The Federal Trade Commission is currently looking into applications, or “apps,” for mobile devices that do exactly that. The kicker though? These apps are specifically geared toward children using tablets, phones and MP3 players.

The staff of the FTC randomly chose 200 apps from carrier stores by typing in the word “kids.” About 60 percent of those apps, once downloaded onto a phone, transmitted the device information to software companies, data brokers and advertising networks, which compile consumer information to develop marketing campaigns.

But a device ID, unique to the exact mobile device you are using, is a pathway to even more information. More than a dozen of those randomly selected apps retrieved the exact geographic location of the device.

“It’s not hypothetical that this information was shared,” Jessica Rich, associate director of the FTC’s financial practices division, told The Associated Press.

Now remember, these apps are specifically designed for and used by children.
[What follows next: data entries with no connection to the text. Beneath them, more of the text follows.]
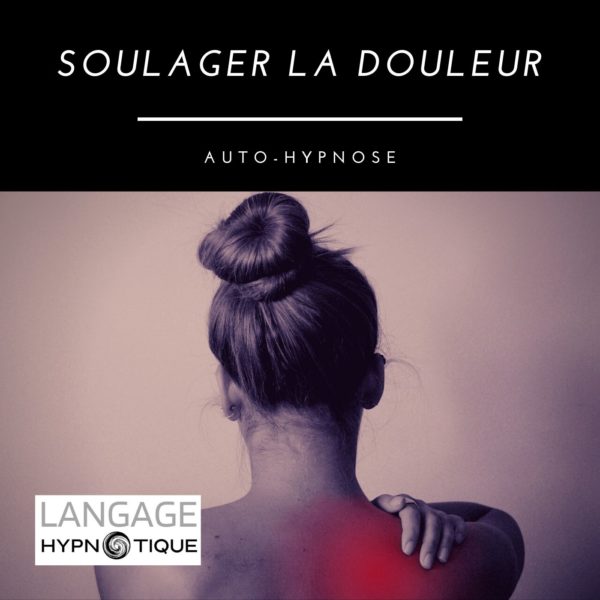 Soulager de la douleur | Auto-Hypnose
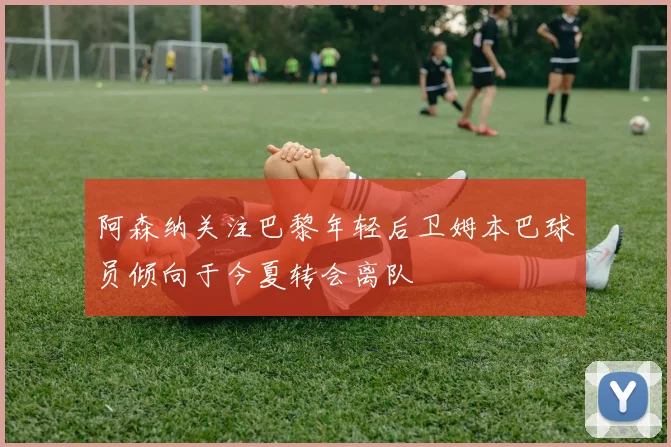 阿森纳关注巴黎年轻后卫姆本巴球员倾向于今夏转会离队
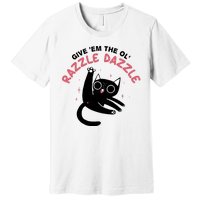 Give Em The Ol Razzle Dazzle Cat Funny Premium T-Shirt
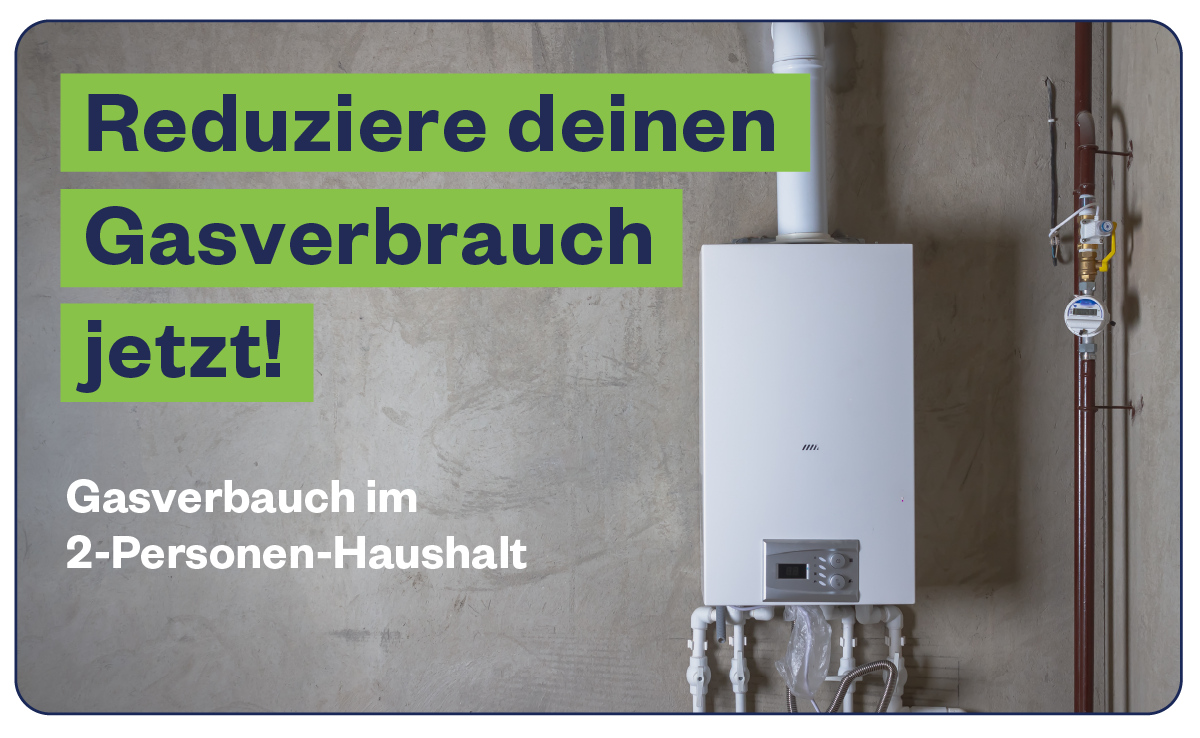 Gasverbrauch 2 Personen: Ein Überblick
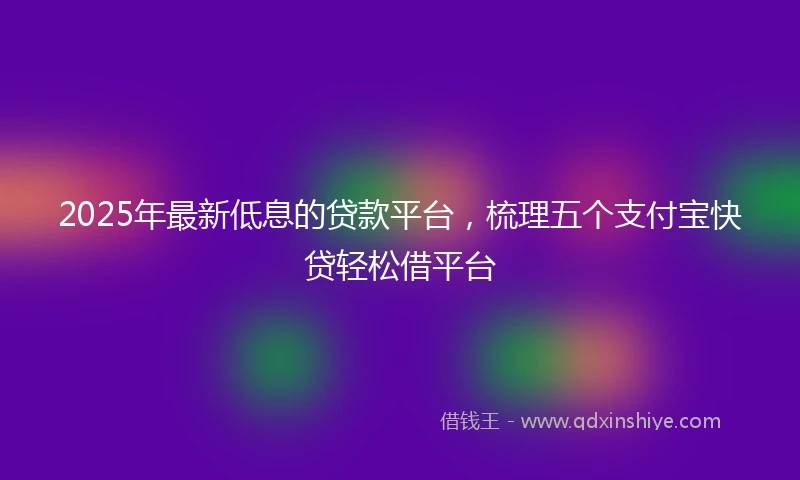 2025年最新低息的贷款平台，梳理五个支付宝快贷轻松借平台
According to the FTC report “mobile apps can siphon data to ‘invisible and unknown’ third parties that could be used to develop a detailed profile of a child without a parent’s knowledge or consent.”

Only about 20 percent of these apps had any privacy disclosures, and even then, the disclosures were inadequate. And most of them linked to social networks like Facebook, Twitter and Pinterest, which should not be available to a child under the age of 13.

And in this test sampling, just 200 out of the thousands and thousands of apps out there geared toward children, one such game had banner ads across the bottom of the screen advertising “1000s of Sexy Singles.”

And it’s an audience catered to children.

Parenting experts used to recommend that computers be kept in common living areas so that parents could monitor their child’s Internet usage. But these days, everyone carries a computer around in their pocket or backpack as smartphones and tablets have evolved.

Are these companies violating privacy rights of children? Maybe. Is this unethical, unfair, deceptive or illegal behavior? The FTC plans to make that determination.

Right now, the FTC wants to overhaul the 1998 Children’s Online Privacy Protection Act, which would have even stronger safeguards for children under the age of 13. It’s probably the right move. Technology developed last year is outdated. Think about laws that govern technology and how outdated they must be after 14 years.

Laws have to keep up with technology. There is no way to write an expansive law to protect the rights and privacy of children today for tomorrow’s technology. Laws have to regularly be reviewed, updated and current.

Technology is measured by months. In March, Apple and Google had 880,000 apps available for mobile devices. Today, there are 1.4 million. That’s 1.4 million reasons why we need to think about protecting the privacy of our children.